Various methods are known for comparing histograms or distributions which can be displayed by histograms. In the case of the simplest of these methods, the frequencies, assigned to the individual classes, of the frequency distributions to be compared are compared with each other class for class—or bin for bin—for example by measuring an overlap of the histograms corresponding to the frequency distributions. These methods can in fact be implemented with very low computational complexity but entail the great disadvantage that similarities between adjacent classes are not taken into account. Measuring values, which are in fact situated closely together but were assigned, because of the choice of classes, randomly to two different, e.g. adjacent, classes, are then treated as completely different and their proximity remains unconsidered for evaluation of the similarity of the corresponding histograms. These simple methods lead therefore in many cases to unsatisfactory and fairly uninformative results which allow in particular no reliable statement about the similarity of sets of measuring values or corresponding events. In particular, the results obtained with such methods are disadvantageously dependent upon the size of the bins or classes and upon the precise position of the more or less arbitrarily chosen boundaries between adjacent bins.
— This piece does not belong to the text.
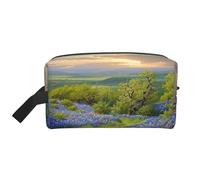 Texas Bluebonnets Scenery Printing Portable Makeup Bag for Women Girl Large Capacity Travel Cosmetic Bag Makeup Pouch Organizer with Handle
Other methods for comparing histograms take into account not only exact correspondences or overlaps but also the similarity of classes or bins which are adjacent or situated close together. An example of this is offered by the distance measure for histograms published by Rubner et al. in the International Journal of Computer Vision, 40(2), pp. 99-121 and termed Earth Mover's Distance. These and comparable methods are in fact suitable for a substantially more meaningful assessment of the similarity of frequency distributions or histograms but entail the disadvantage of exceptionally high computational complexity. Thus the computational complexity with the mentioned method for calculating the so-called Earth Mover's distance increases with an increasing number of measuring value classes by between O(N3) and exp(N) if N is the number of classes.
In particular for applications in which a large number of measuring value classes is used and are to be compared, such a high computational complexity even when comparing one pair of measuring value sets can be unacceptable.